Yes, but it requires people. Typically, you identify a package you want (or a new version of a package you want) and you send off a request to a separate security team. They analyze and approve, and the package becomes available in your internal package manager. But this means 1) you need that team of people to do that work, and 2) there's a lot of hurry-up-and-wait involved.

  • Doesn't even require that many people. The analysis can mostly be automated, and the request process can be handled via peer review. Having one or two people for every 100-200 developers who can give sensible advice, provide some general oversight of what's going on, and step in to say 'no' occasionally does help though.

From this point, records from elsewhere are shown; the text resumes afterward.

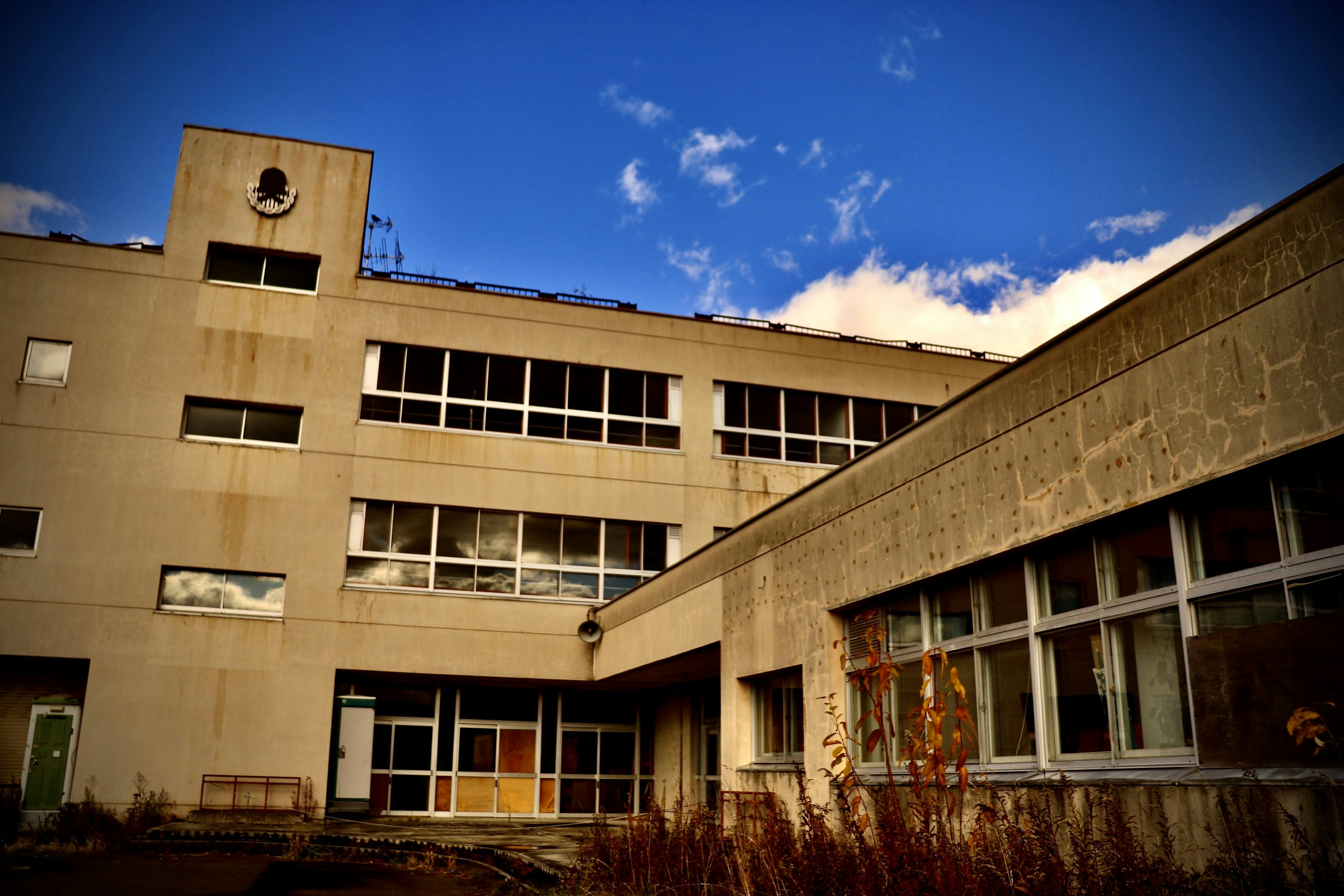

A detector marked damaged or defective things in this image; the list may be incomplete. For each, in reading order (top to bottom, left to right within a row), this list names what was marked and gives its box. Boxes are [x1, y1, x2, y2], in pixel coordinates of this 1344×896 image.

broken glass pane [185, 400, 245, 440]
broken glass pane [244, 409, 305, 445]
broken glass pane [357, 398, 398, 426]
broken glass pane [375, 343, 406, 392]
broken glass pane [403, 347, 445, 395]
broken glass pane [445, 350, 487, 398]
broken glass pane [482, 357, 526, 403]
broken glass pane [484, 406, 524, 434]
broken glass pane [526, 361, 566, 409]
broken glass pane [526, 412, 566, 440]
broken glass pane [566, 417, 602, 442]
broken glass pane [566, 367, 605, 412]
broken glass pane [608, 367, 644, 417]
broken glass pane [608, 423, 644, 445]
broken glass pane [644, 423, 678, 445]
broken glass pane [745, 386, 778, 431]
broken glass pane [784, 389, 812, 437]
broken glass pane [812, 395, 846, 437]
cracked exterior wall [599, 164, 1344, 801]
broken glass pane [358, 501, 392, 549]
broken glass pane [437, 507, 479, 557]
broken glass pane [479, 510, 521, 560]
broken glass pane [521, 515, 563, 563]
broken glass pane [563, 515, 599, 563]
broken glass pane [605, 521, 641, 571]
broken glass pane [162, 571, 227, 613]
broken glass pane [347, 560, 389, 588]
broken glass pane [434, 563, 476, 591]
broken glass pane [515, 571, 557, 599]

    Also means you can put an end to a popular antipattern that has grown in recent years: letting your production infrastructure talk to whatever it likes to download whatever it likes from the Internet.

    • I'd be curious how many of today's automatic package validation tools or peer review processes would have caught the lotusbail package discussed in the article. The malicious aspects were heavily obfuscated, and it worked as advertised.

  • > Yes, but it requires people.

    I've heard rumor of a few 100k people laid off in tech over the past few years that might be interested.

    • Whose gonna pay for it? The companies that laid off those people? They'll just continue on without worrying.